Sunday, 26 September 2010

Installing Windows 7, 64 bit and it's going insanely slow? Check your BIOS settings!

Today I was at friends' house to help one build a new computer for the other. It's a pretty impressive PC, but when it came to installing Windows 7 after we built it, things seemed to be going very slowly!

After having had issues with trying to dual boot a few operating systems at once, I've found that newer operating systems seem to prefer AHCI over IDE mode on the disk controllers, so I'd set that. I also loaded the "optimized defaults". Everything connected, I turned on the system and saw it boot from the Windows 7 install disc... and then kinda hang.. then load a bit... then hang.. then load a bit more.. SOOOOO SLOOOOOOOW.
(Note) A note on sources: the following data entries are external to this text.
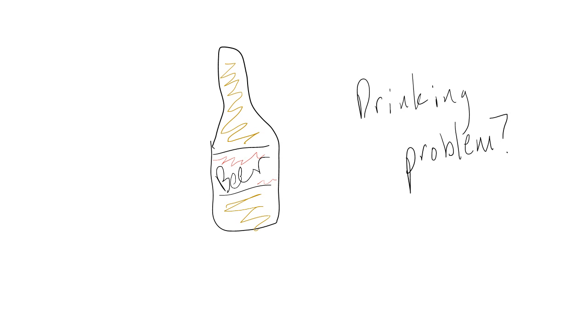For example, say we wanted to know whether someone has a drinking problem. We're going to define our drinking problem as someone who consumes eight or more alcoholic beverages in a particular week.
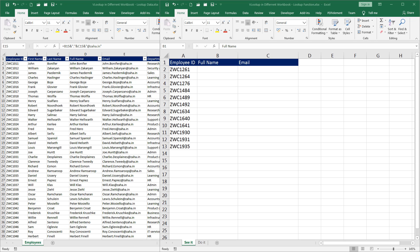Hello and welcome to another episode of Excel learning series with Syed. In this episode, we will see how to do VLOOKUP and fetch values from another workbook.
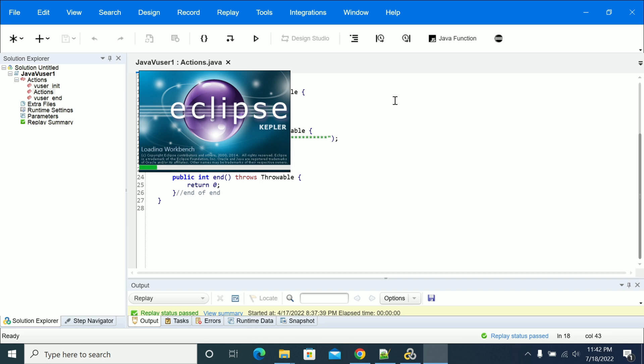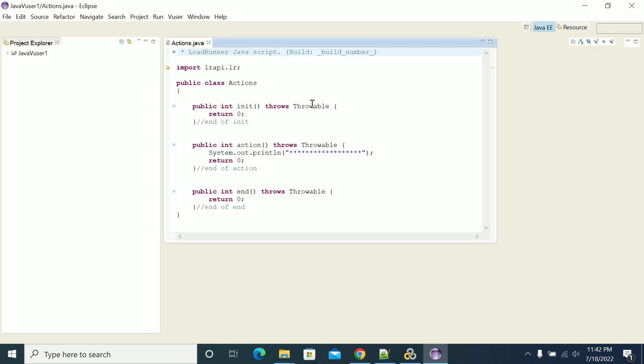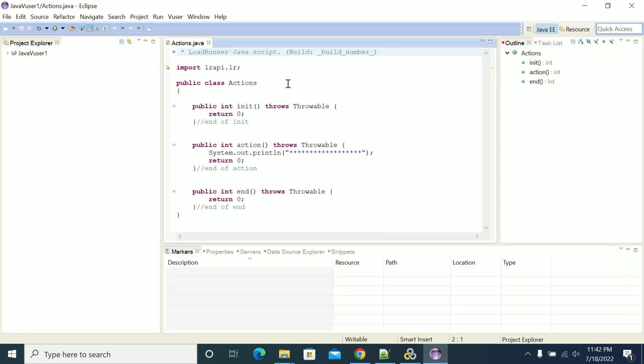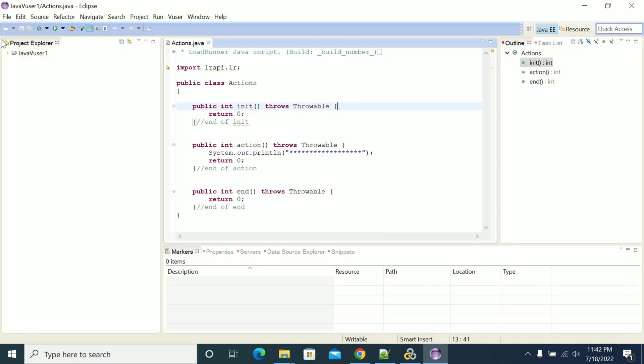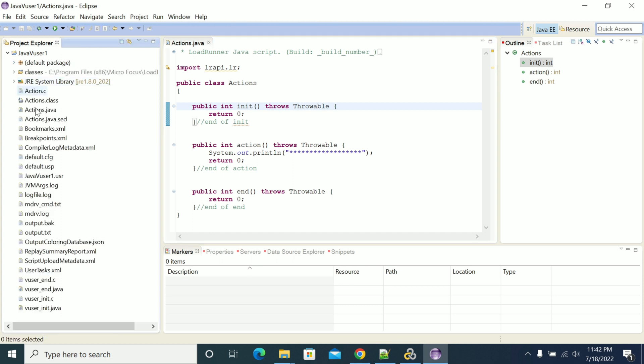Your script will load with all your dependencies if you have already added any. Now we have opened the workspace. We got the Java project here, which is our script, and we have all the dependencies of our script here.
After watching it crawl for a little bit, both myself and friend building PC determined that something was very much amiss. Windows 7 on the particular beast should fly!
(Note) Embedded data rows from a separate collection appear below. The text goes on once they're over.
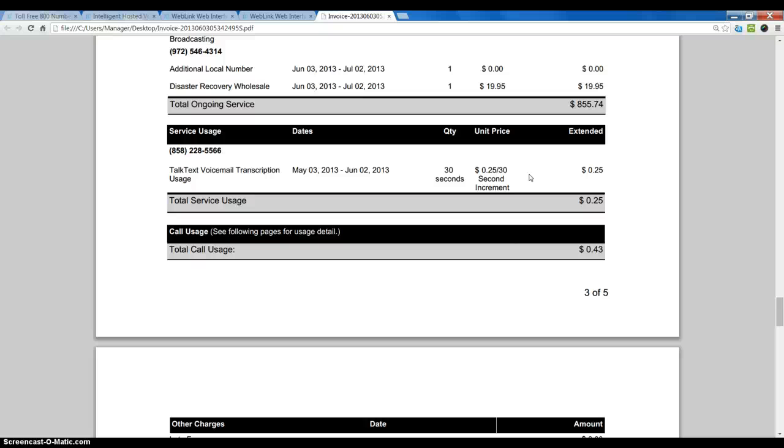So all of our virtual office products, again $10 all you can eat transcription per month. And on FreedomVoice it's $10 per line or per extension that it's enabled on per month. That concludes our TalkText tutorial. Thank you for watching.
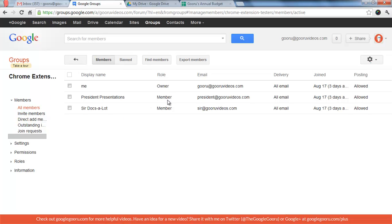And you can see I'm an owner, President Presentations is a member, SirDocsalot is a member. And we use this group because in the Chrome Web Store when you don't have something published publicly, you can publish it to a Google Group and only those people can test it.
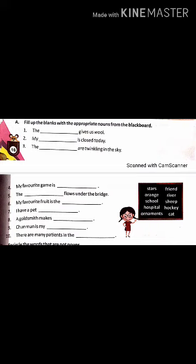Next: 'The dash are twinkling in the sky' — what twinkles in the sky? You have to write it. 'My favorite game is dash' — it can be anything but you have to pick from the options. 'The dash flows under the bridge' — what does flow? 'My favorite fruit is the dash.' 'I have a pet dash' — pet dog, pet cat. Pick from the board and fill in the blanks accordingly.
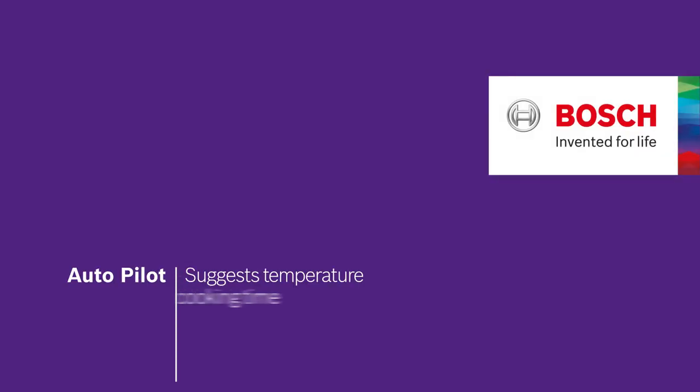This is Autopilot, the automatic cooking programs that make cooking much easier. Bosch. Invented for life.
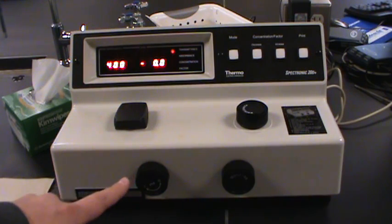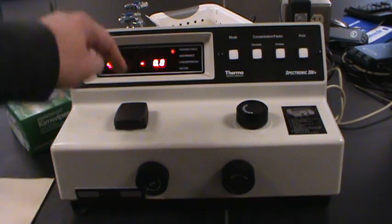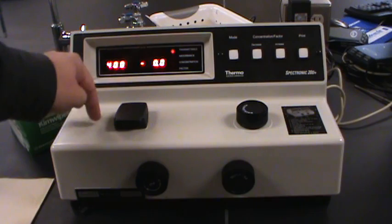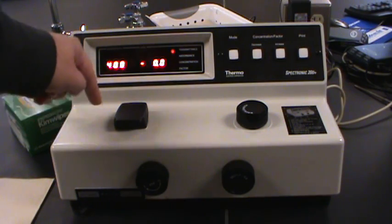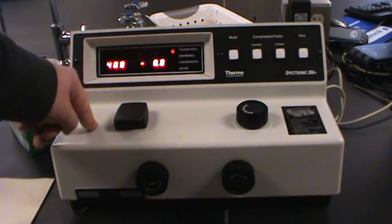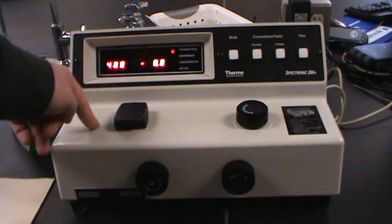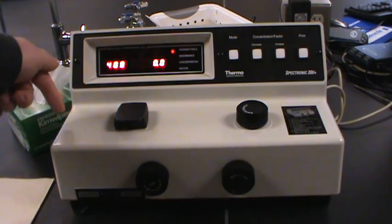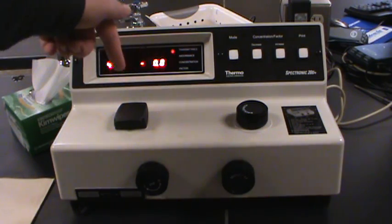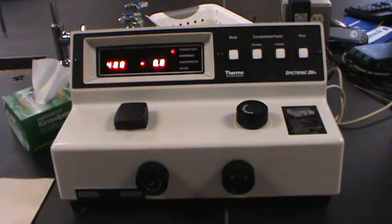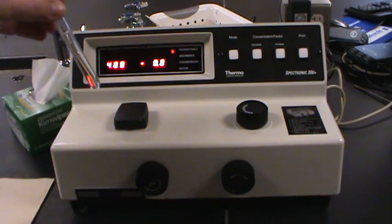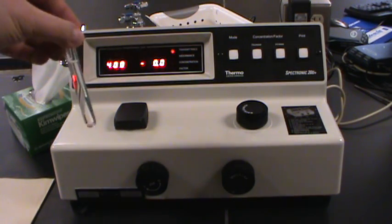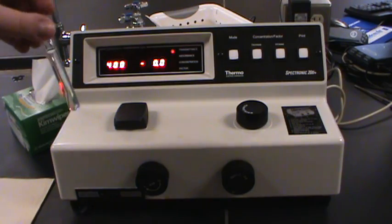So now what do we want to do? We've told the instrument what zero light getting to the detector looks like. Now we want to tell it what it looks like if all of the light is getting through to the detector. So we need a blank. For our purposes, we're just going to use a plain water test tube.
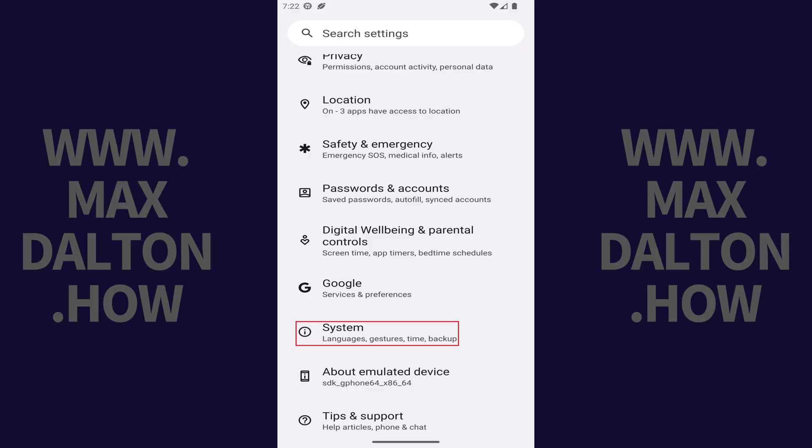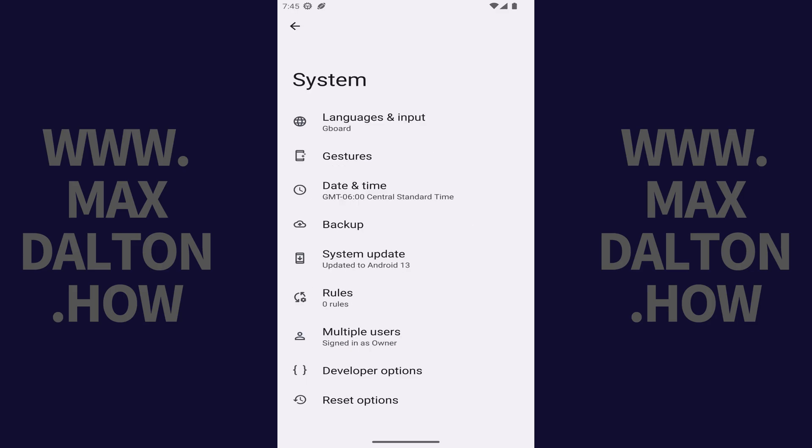Step 1. Tap System in this menu. System options are displayed.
After googling for a good 10-15 minutes or so, I came across a discussion on Whirlpool of all places. In short, the default settings of the BIOS are to expect that a 3.5" 1.44MB floppy disk drive is connected and, for some reason, the Windows install process will repeatedly try to access it if it's configured.

Go into the BIOS, go into the basic settings, set the floppy drive type to "None", reboot into Windows setup... it flies!

In short, if your Windows 7 install is running very slowly - disable floppy drive support in the BIOS unless you have an actual floppy drive connected via floppy drive controller bus (should still say no if you're using a USB connected floppy drive).